After the Poona Pact Gandhiji decided to launch a social reform movement for the eradication of untouchabiity. He floated the word Harijan as a substitute to the prevalent term Depressed Classes’ and the neutral term ‘Scheduled Castes’  proposed by some British officials. Gandhi changed the names of his periodicals Young India and Navgivan to Harijan and Harijana Sevak; created a new organisation called Harijan Sevak Sangh. All through this period he was in Jail. From there he issued more than nine statements against untouchability, got a bill moved in the Central Legislative Assembly for the temple entry of the Harijans, entered into public debate with the Sanatanists on untouchability, intervened in the Guruvayur movement, announced to go on 21 days fast for the Harijan cause, commenced his fast in jail on 8th May 1933, and was released by the Government on the same day.

Gandhiji’s increasing involvement in the Harijan cause was not welcomed by a large section of Congressmen led by Jawaharlal Nehru. They looked at it as a religious issue which could not be adopted by the Congress as a political party. A personal letter of Gandhi dated May 2, 1933 addressed to Jawaharlal Nehru explains Gandhiji’s source of inspiration and commitment to the Harijan cause. Gandhi writes:

“As I was struggling against the coming fast, you were before me as it were in flesh and blood. But it was no use. How I wish I could feel that you had understood the absolute necessity of it. The Harijan movement is too big for mere intellectual effort. There is nothing so bad in all the world. And yet I cannot leave religion and therefore Hinduism.

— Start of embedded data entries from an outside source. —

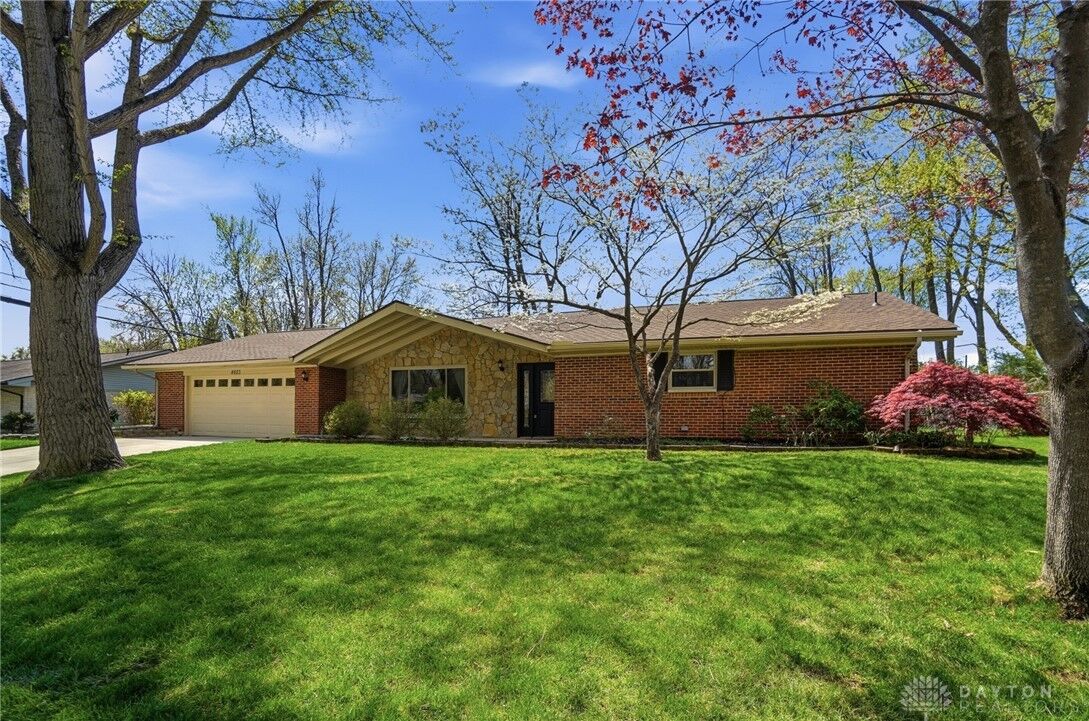 Property Photo:  4623 Woodwell Drive  OH 45440 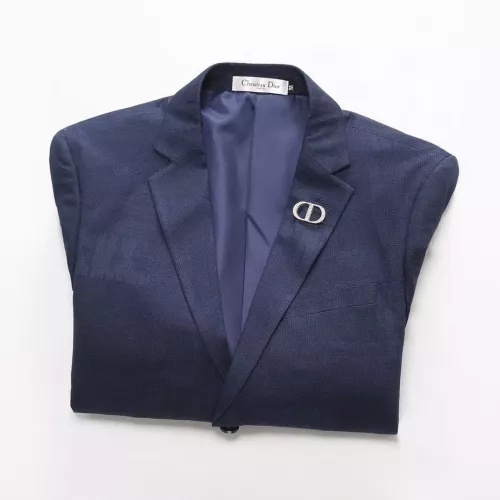 Cheap Christian Dior Jackets Long Sleeved For Men #1375518 Replica Wholesale [$68.00 USD] [ITEM#1375518] on Replica Christian Dior Jackets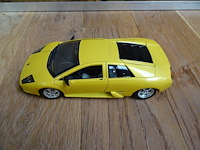 Miniatuur auto burago - afbeelding 2 van  5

“My life would be a burden to me, if Hinduism failed me. I love Islam, Christianity and many other faiths through Hinduism. Take it away and nothing remains for me. But then I cannot tolerate it with untouchability – the high-and-low belief. Fortunately. Hinduism contains a sovereign remedy for the evil. I have applied the remedy. … But I won’t convince you by argument, if you did not see the truth intuitively. I know that even if I do not carry your approval with me, I shall retain your precious love during all those days of ordeal. …”

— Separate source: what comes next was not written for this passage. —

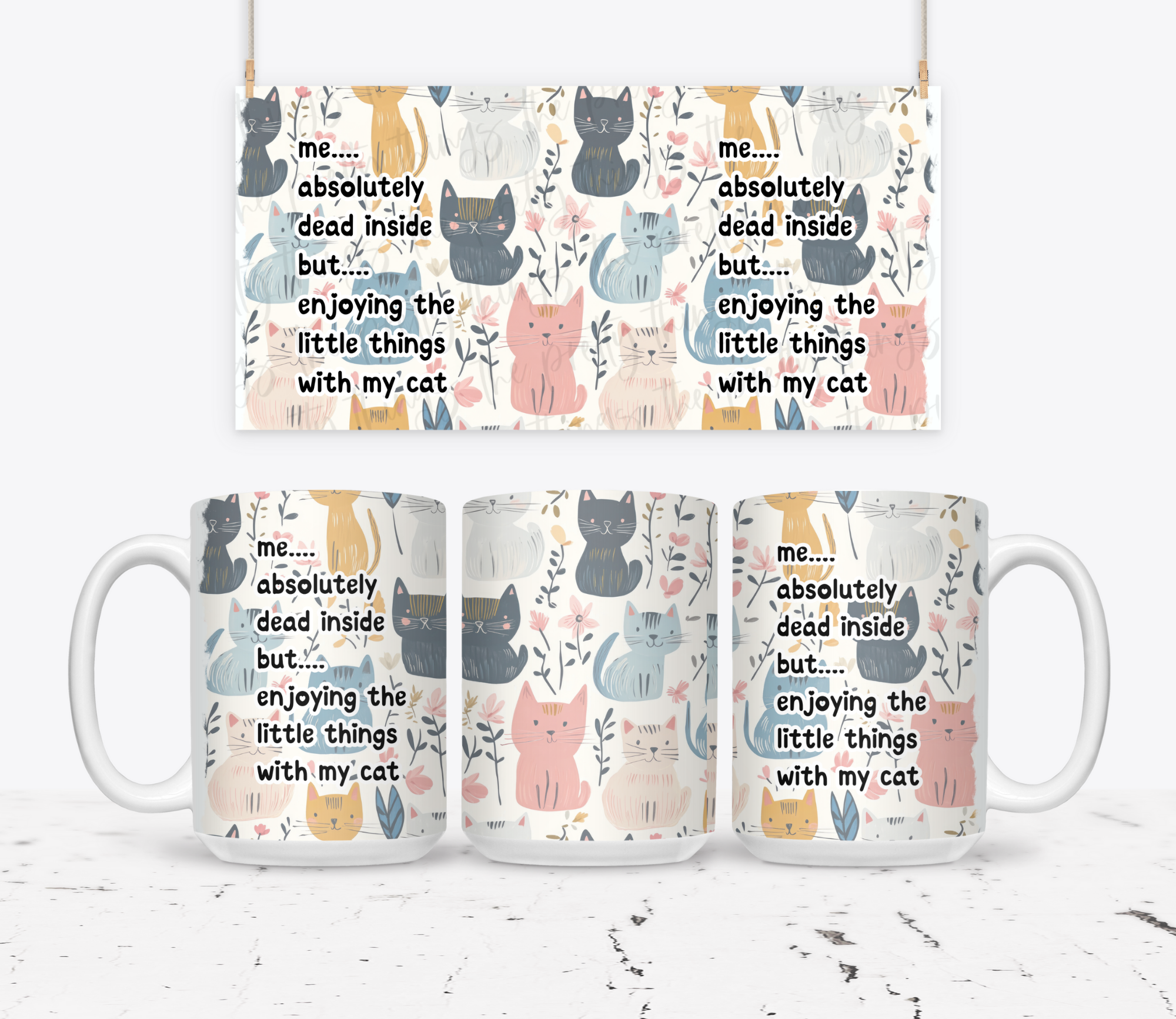 Enjoying The Little Things With My Cat - The Pretty Things.ca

(Nehru: Bunch of Old Letters, second edition 1960, p. 113)

 

In September 1933 Gandhiji shifted his Ashram from Sabarmati to Wardha. On September 24; Harijan Day was celebrated all over the century and a public pledge was taken for the eradication of untouchability. On November 7, 1933, he started his all India Harijan Tour, the first stop being Nagpur, where he declared: “Removal of untouchability is my religion.” The British Government was very much scared of this tour. The Home Department of the Government of India sent a circular to all the provincial governments to send detailed reports on the impact of Gandhi’s tour, identifying and mentioning the elements supporting or opposing Gandhi on this issue. By 1933 the RSS Shakha-network had spread all over the Marathi speaking Vidarbha as well as in Hindi speaking Chhattisgarh regions of C.P. Berar Province. Alarmed by this rapid progress of the RSS, E. Gorden, the Chief Administrator of the Central Provinces issued a government circular on 15th December 1932 prohibiting government servants from joining the Sangh. Soon after, the government pressurized the local-government institutions also to pass similar orders. Dr. Hedgewar with the help of his wide contacts with leaders of all parties and ideology was able to mobilise public pressure to the extent that the provincial government was forced to withdraw its prohibitory orders.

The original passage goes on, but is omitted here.